Would you return each entry exactly as written, omitting any pictures?

════

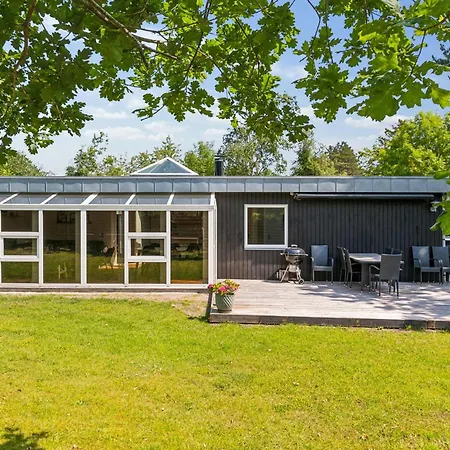 Holiday home Awesome In Knebel With 2 Bedrooms And Internet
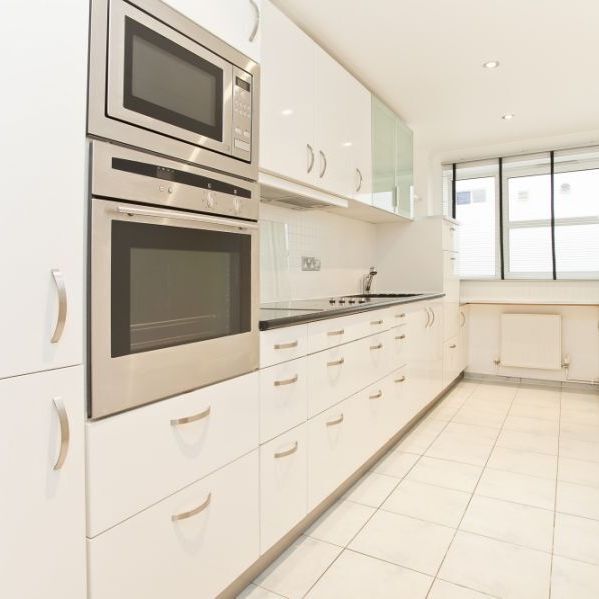 2 Bedroom Flat To Let - Photo 1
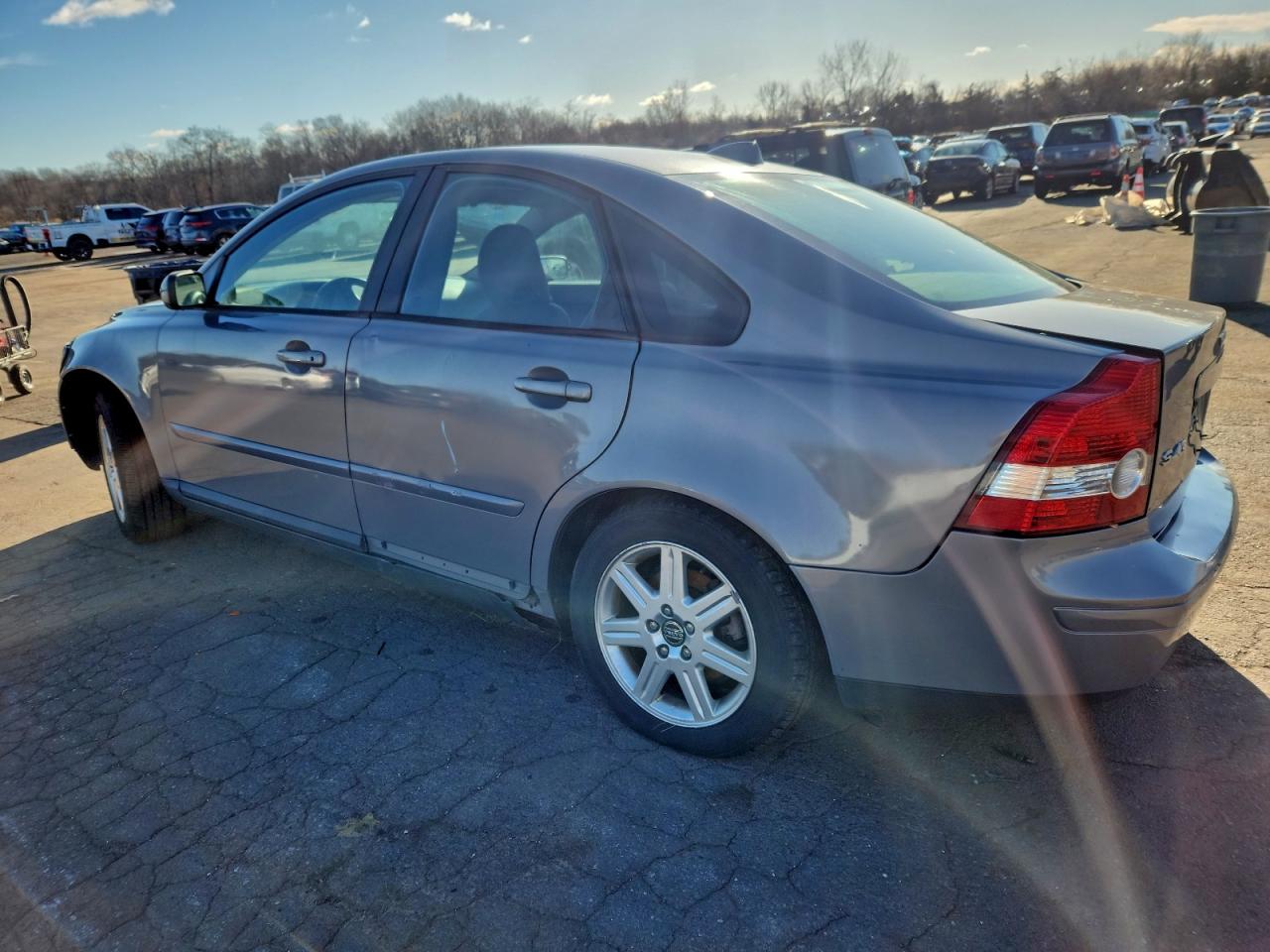 Volvo S40 2.4i Image 2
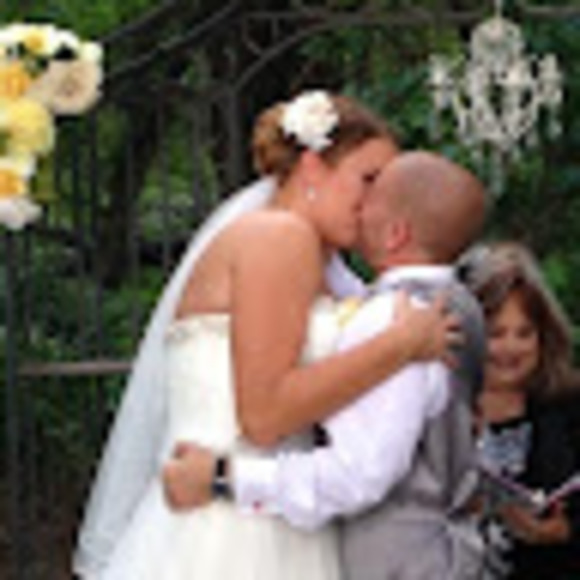 Profile Picture of Christina Kovach (@weltm1cl) on Poshmark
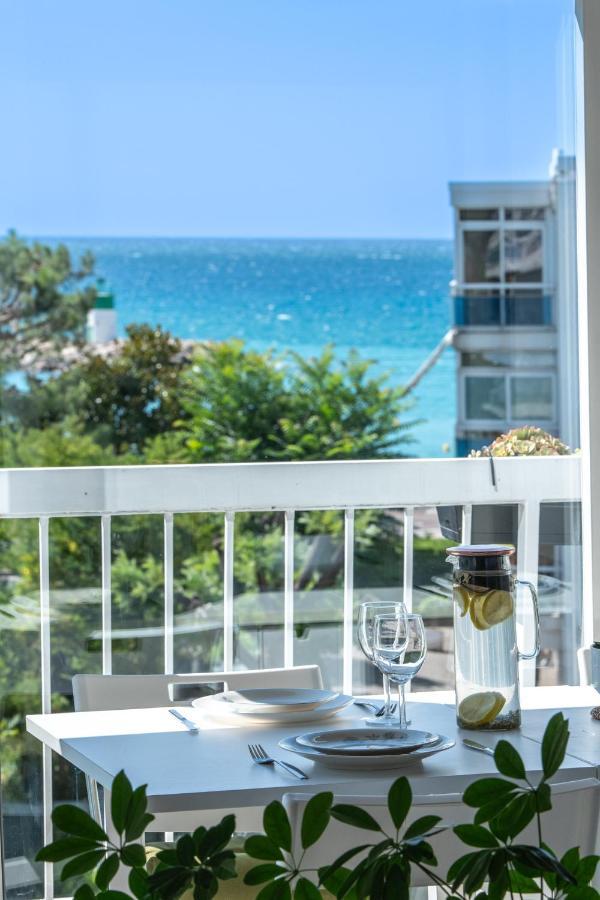 Residence Mediterranee - Beachfront - Sun And Seaview - Pool - Private Parking Cagnes-sur-Mer Exterior foto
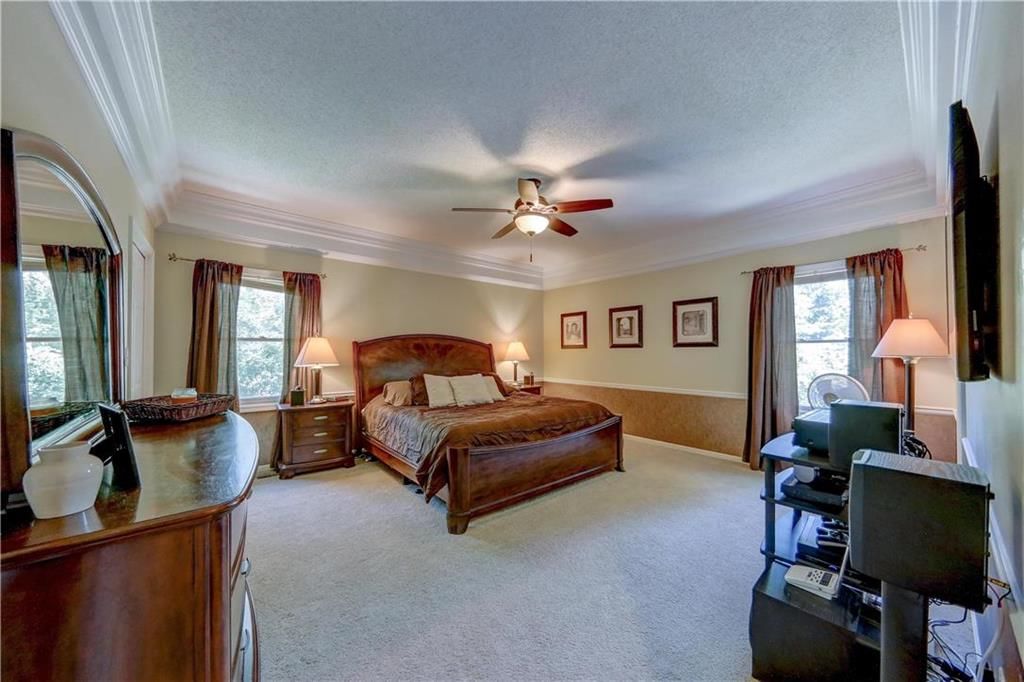 4819 Cliff Court — photo 10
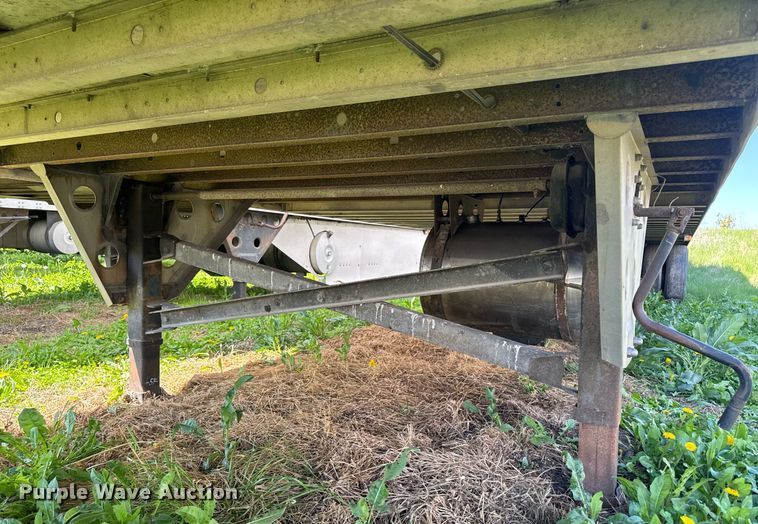 image for item DL7761 2006 Utility Trailer Manufacturer refrigerated van trailer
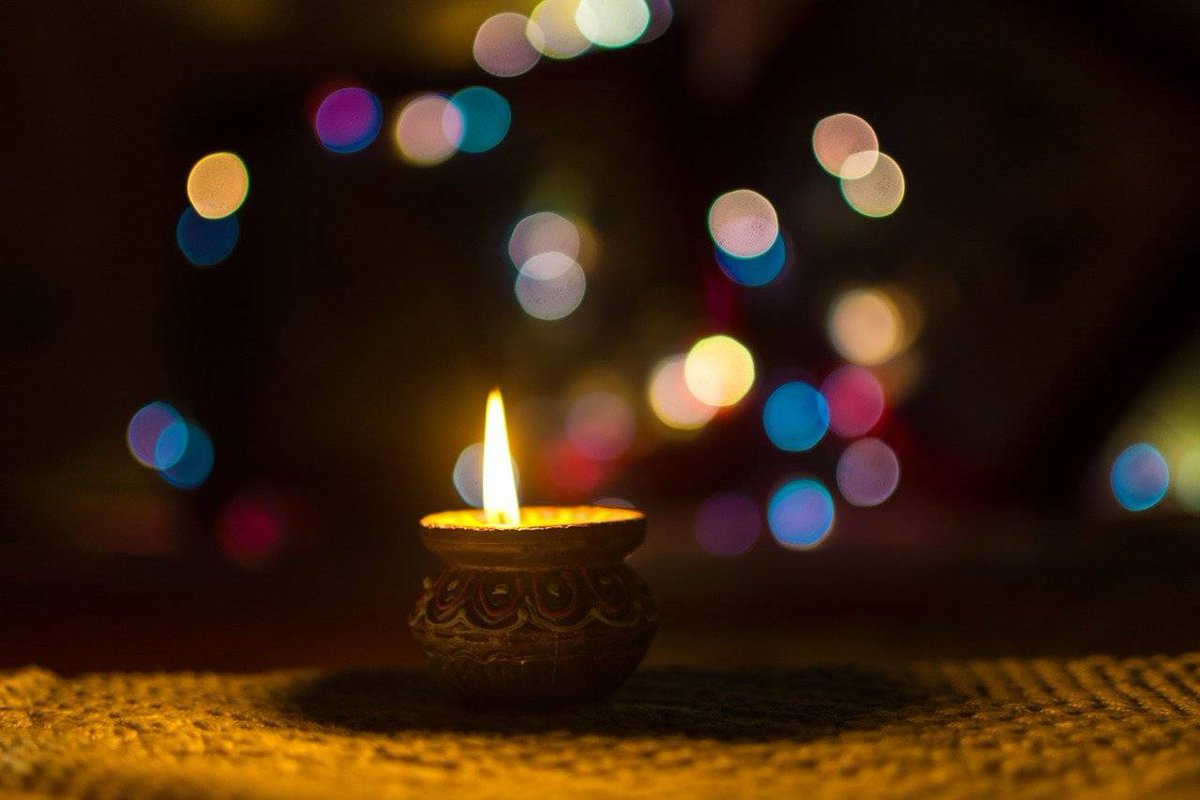 BeMoreOotSuk's tweet photo. May the lamps of Diwali illuminate your life, May the colours of rangoli usher in happiness, May the delicious Diwali desserts add sweetness to your life, And may you be blessed with Almighty's choicest blessings — Happy Diwali to you. https://t.co/MSTD5u5fdJ
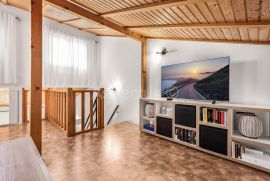 Novouređena kuća s 5 apartmana, Općina Medulin, Medulin, بيت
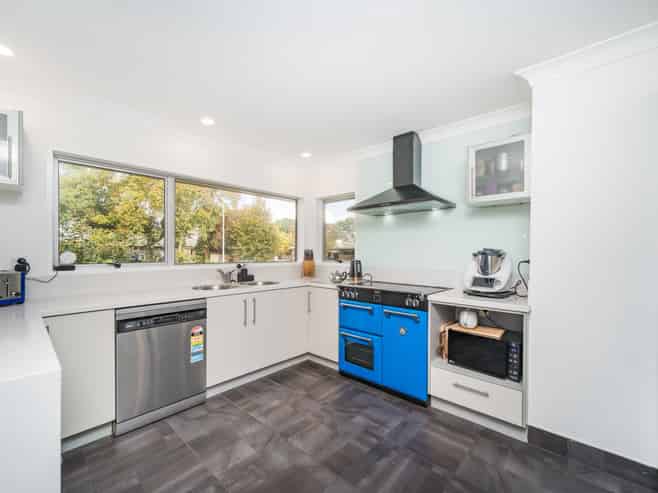 8 Aintree Crescent, Awapuni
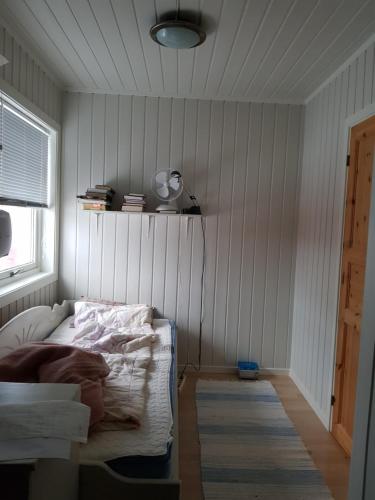 Hjem på Vadsøya (Hjem pa Vadsøya) in 瓦德瑟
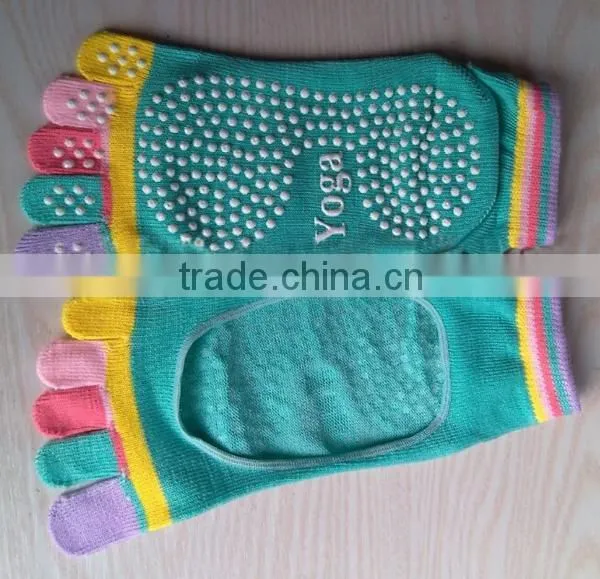 Eco-friendly Colorful Non Slip Custom Yoga Toe Socks Soft Breathable Yoga Socks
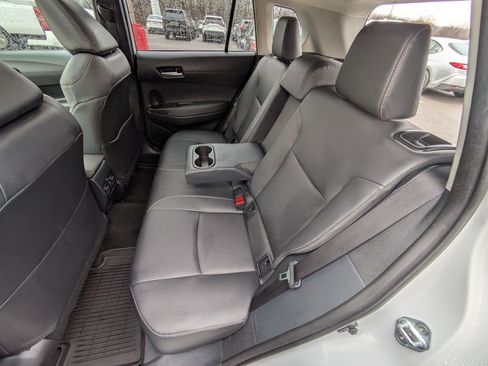 Certified 2023 Toyota Corolla Cross XLE image 19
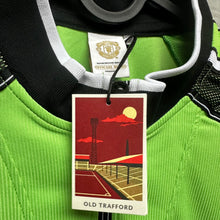 Load image into Gallery viewer, 《原裝復刻》1998-99 曼聯｜官方復刻GK｜連復刻字章｜BNWT｜1998-99 Manchester United Official Retro GK with retro printing ( Multiple Sizes )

════

▶ **Response area**
 Holiday home Awesome In Knebel With 2 Bedrooms And Internet
 2 Bedroom Flat To Let - Photo 1
 Volvo S40 2.4i Image 2
 Profile Picture of Christina Kovach (@weltm1cl) on Poshmark
 Residence Mediterranee - Beachfront - Sun And Seaview - Pool - Private Parking Cagnes-sur-Mer Exterior foto
 4819 Cliff Court — photo 10
 image for item DL7761 2006 Utility Trailer Manufacturer refrigerated van trailer
 BeMoreOotSuk's tweet photo. May the lamps of Diwali illuminate your life, May the colours of rangoli usher in happiness, May the delicious Diwali desserts add sweetness to your life, And may you be blessed with Almighty's choicest blessings — Happy Diwali to you. https://t.co/MSTD5u5fdJ
 Novouređena kuća s 5 apartmana, Općina Medulin, Medulin, بيت
 8 Aintree Crescent, Awapuni
 Hjem på Vadsøya (Hjem pa Vadsøya) in 瓦德瑟
 Eco-friendly Colorful Non Slip Custom Yoga Toe Socks Soft Breathable Yoga Socks
 Certified 2023 Toyota Corolla Cross XLE image 19
 Load image into Gallery viewer, 《原裝復刻》1998-99 曼聯｜官方復刻GK｜連復刻字章｜BNWT｜1998-99 Manchester United Official Retro GK with retro printing ( Multiple Sizes )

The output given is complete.